A woman who grew up in the Westboro Baptist Church has explained why she left.
Westboro Baptist Church are a notorious organisation known for using the funerals of fallen US soldiers to spread their hateful rhetoric.
The Baptist church, founded by Pastor Fred Phelps in Kansas during the 1950s, are often seen holding placards featuring offensive slogans against LGBT, Muslim, Catholic, Orthodox Christian and Jewish communities. They don’t appear to discriminate – when it comes to hate.
A key member who grew up within the church has explained why she had to leave.
Megan Phelps-Roper, granddaughter of Westboro Baptist Church founder Fred Phelps, stood on her first picket line aged just five.
Megan, now 31, recalled: ‘I was a blue-eyed, chubby-cheeked five-year-old when I joined my family on the picket line for the first time.
‘My mom made me leave my dolls in the minivan. I’d stand on a street corner in the heavy Kansas humidity, surrounded by a few dozen relatives, with my tiny fists clutching a sign that I couldn’t read yet.’
Her first sign read ‘Gays are worthy of death.’
Throughout her childhood, protests were an almost daily occurrence and the group gained international notoriety.
Senior members of the church – including Megan’s family – framed life as a battle between good and evil, well-behaved members of the church and non-believing outsiders.
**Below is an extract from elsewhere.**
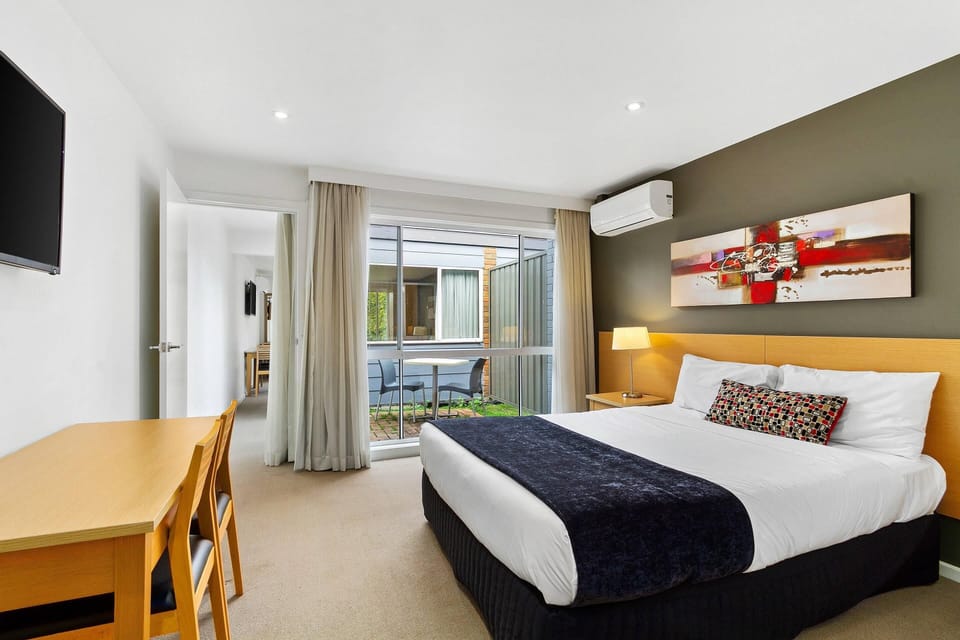 Two Bedroom Suite | Minibar, desk, blackout drapes, soundproofing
‘The good was my church and its members, and the evil was everyone else. My church’s antics were such that we were constantly at odds with the world, and that reinforced our otherness on a daily basis,’ she explains in a revealing Ted talk.
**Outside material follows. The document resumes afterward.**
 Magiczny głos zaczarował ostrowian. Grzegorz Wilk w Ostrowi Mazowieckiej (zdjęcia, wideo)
It was 20 years before Megan got a glimpse of the outside world, via social media, when in 2009, she joined Twitter.
‘Initially, the people I encountered on the platform were just as hostile as I expected. They were the digital version of the screaming hordes I’d been seeing at protests since I was a kid. But in the midst of that digital brawl, a strange pattern developed. ‘
‘They would be understandably confused and caught off guard, but then a conversation would ensue. And it was civil — full of genuine curiosity on both sides. How had the other come to such outrageous conclusions about the world?’